Presented as a routine oil change for the Franco-German axis, the visit none the less had the appearance of a full-blown salvage operation. The German government is visibly irritated with the inauspicious start to the Chirac presidency, particularly with Mr Chirac's failure to deliver on his election promise to cut the budget deficit.
The issue goes to the heart of European integration, Mr Kohl's cherished project. France and Germany will drive next year's European Inter-Governmental Conference (IGC) and a weak and isolated France would reduce Germany's leverage, threatening to bring the entire process to a halt. On most issues that is unlikely, but there are signs of near panic in Germany that the flagship of integration, monetary union by 1999, is in danger of being sunk by France.
So far only two countries, Germany and Luxembourg, have met the economic criteria laid down by the Maastricht treaty. France claims to be in the process of cutting its annual deficit to the required 3 per cent of gross national product, but the Germans frankly do not believe this. All they see is that President Chirac has already lost one promising finance minister, and the French economy has slipped the government leash.

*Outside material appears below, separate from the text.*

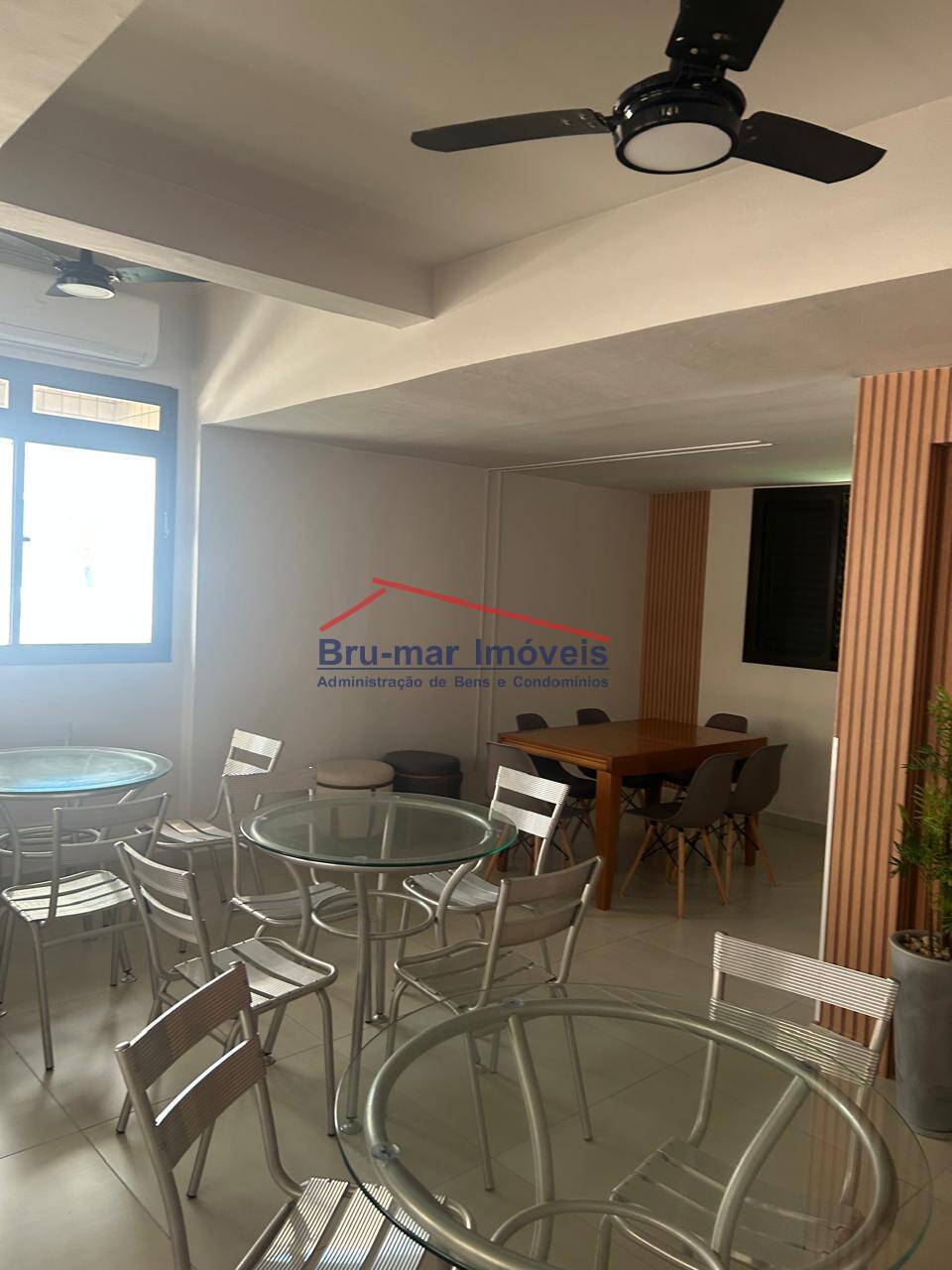 Apartamento, 3 quartos, 110 m² - Foto 28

The dawning realisation of the scale of the French problem has splintered the monolith of official German opinion. "Only those who show the will and the ability to hold to long-term stability-oriented policy will pass the tests required by the Maastricht treaty," Mr Kohl thundered earlier this week. "The European currency therefore will be as solid as the mark."

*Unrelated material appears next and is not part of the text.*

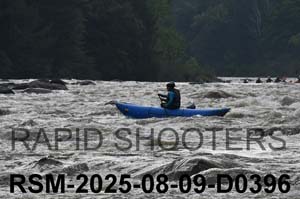 RSM-2025-08-09-D0396
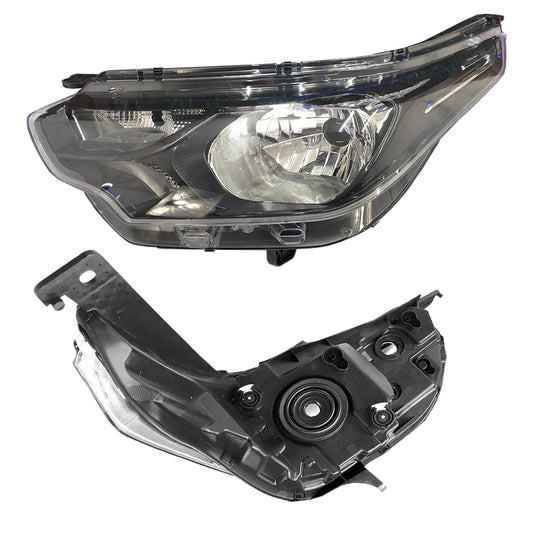 FARO RAM 700 21-24 L CN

But some of his ministers openly disagree. Apart from Theo Waigel, the Finance Minister who was first to prick this bubble of complacency, the Economics Minister, Gunter Rexrodt is a sceptic. Mr Rexrodt has gone so far as to suggest last week that monetary union might have to be postponed beyond 1999 - a statement he was forced to retract later.
Equally confused is the attitude of the gnomes of Frankfurt. The Bundesbank, custodian of the unshrinking Deutschmark, insists there can be no currency union without strict adherence to the convergence criteria. But the country's six most influential economic institutes said in a joint report on Tuesday that monetary union should go ahead regardless, so that German exporters punch-drunk from a high Deutschmark can start competing on equal terms.
Whoever Mr Kohl listens to, the ultimate fate of monetary union rests with President Chirac, a situation which the imperious German leader must find frustrating. It is rather like the position Bonn has been bounced into by the French nuclear tests. As Mr Chirac discovered yesterday when he was greeted by protesters on arrival, the Muroroa blasts did not enhance Franco-German friendship. Paris's offer to allow EU countries to shelter under the French nuclear umbrella merely added insult to injury.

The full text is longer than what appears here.